Changing Consciousness from Consumerism to Gift-Thinking Awareness
I like to diversify my posts a bit, and I thought it would be interesting to share a new, yet old, idea that I came across in a book called Braiding Sweetgrass: Indigenous Wisdom, Scientific Knowledge, and the Teachings of Plants by Robin Wall Kimmerer, a Potawatomi woman, botanist and ecologist. I haven't made it all the way through her book, because it's so full of wisdom and ideas that I enjoy savoring each chapter, reading it, putting it down, absorbing it, and then coming back. It's a slow process, but one I enjoy with good books.

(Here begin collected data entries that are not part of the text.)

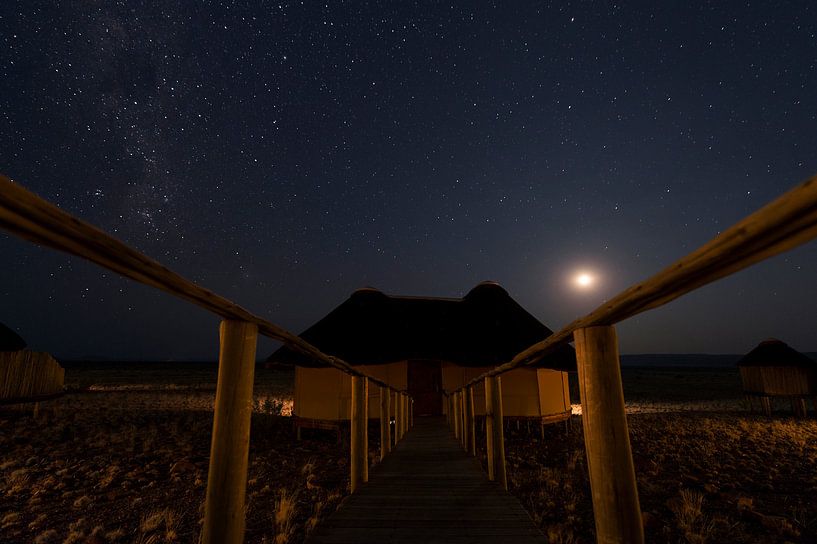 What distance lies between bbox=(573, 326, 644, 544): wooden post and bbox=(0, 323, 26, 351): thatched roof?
18508mm

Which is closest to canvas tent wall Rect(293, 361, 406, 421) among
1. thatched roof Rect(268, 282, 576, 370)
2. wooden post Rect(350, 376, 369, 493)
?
thatched roof Rect(268, 282, 576, 370)

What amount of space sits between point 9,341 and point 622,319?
19119mm

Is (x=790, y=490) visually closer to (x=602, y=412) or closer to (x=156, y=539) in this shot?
(x=602, y=412)

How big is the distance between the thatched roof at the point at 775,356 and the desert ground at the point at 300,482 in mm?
6237

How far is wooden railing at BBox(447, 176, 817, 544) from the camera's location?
0.86 meters

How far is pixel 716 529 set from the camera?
5012 millimetres

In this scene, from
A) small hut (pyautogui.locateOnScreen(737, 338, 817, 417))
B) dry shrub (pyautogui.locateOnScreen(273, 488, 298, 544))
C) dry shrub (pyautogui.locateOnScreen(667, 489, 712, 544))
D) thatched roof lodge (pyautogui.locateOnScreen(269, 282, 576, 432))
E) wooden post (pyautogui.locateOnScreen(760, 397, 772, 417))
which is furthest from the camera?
wooden post (pyautogui.locateOnScreen(760, 397, 772, 417))

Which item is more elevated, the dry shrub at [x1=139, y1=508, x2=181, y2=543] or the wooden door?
the wooden door

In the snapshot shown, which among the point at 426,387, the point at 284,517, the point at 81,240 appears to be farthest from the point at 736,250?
the point at 426,387

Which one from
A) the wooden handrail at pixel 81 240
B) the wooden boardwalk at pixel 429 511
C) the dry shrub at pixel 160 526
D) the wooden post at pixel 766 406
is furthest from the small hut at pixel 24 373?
the wooden post at pixel 766 406

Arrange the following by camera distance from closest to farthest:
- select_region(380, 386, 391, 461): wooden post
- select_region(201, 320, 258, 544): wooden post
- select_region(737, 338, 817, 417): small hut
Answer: select_region(201, 320, 258, 544): wooden post < select_region(380, 386, 391, 461): wooden post < select_region(737, 338, 817, 417): small hut

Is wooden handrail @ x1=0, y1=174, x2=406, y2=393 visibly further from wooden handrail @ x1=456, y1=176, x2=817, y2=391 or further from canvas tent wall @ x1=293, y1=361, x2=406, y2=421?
canvas tent wall @ x1=293, y1=361, x2=406, y2=421

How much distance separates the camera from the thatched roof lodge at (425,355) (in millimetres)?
12492

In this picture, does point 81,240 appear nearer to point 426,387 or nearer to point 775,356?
point 426,387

The most recent chapter that I read was, "The Gift of Strawberries." In this chapter Kimmerer discusses the bounty and joy of picking wild strawberries and the gift of fruit. As a child she picked wild strawberries and then gave them to their mother to bake as a special gift for their father. In the chapter she states, "Gifts from the earth or from each other establish a particular relationship, an obligation of sorts to give, to receive, and to reciprocate." The idea that she develops is that the way that an object comes to you, the relationship of how you acquire it, colors how you use and own it. In modern store bought consumerism, objects that are bought do not have an "inherent obligation" to them because the reciprocity ends when you pay for that object. There is no relationship established between the manufacturer and the buyer. However, the author goes on to explain, when the relationship changes, from producer and consumer to giver and receiver, then a bond is created between the two people. In a "gift economy" there is no capital, or collateral. What develops instead is not "something for nothing" but a form of obligation between individuals. The gifts are not free because they come with an obligation to reciprocate by either giving back to the giver, giving the gift to someone else (thus increasing the value), or not asking for "too much" because what you are receiving is a gift.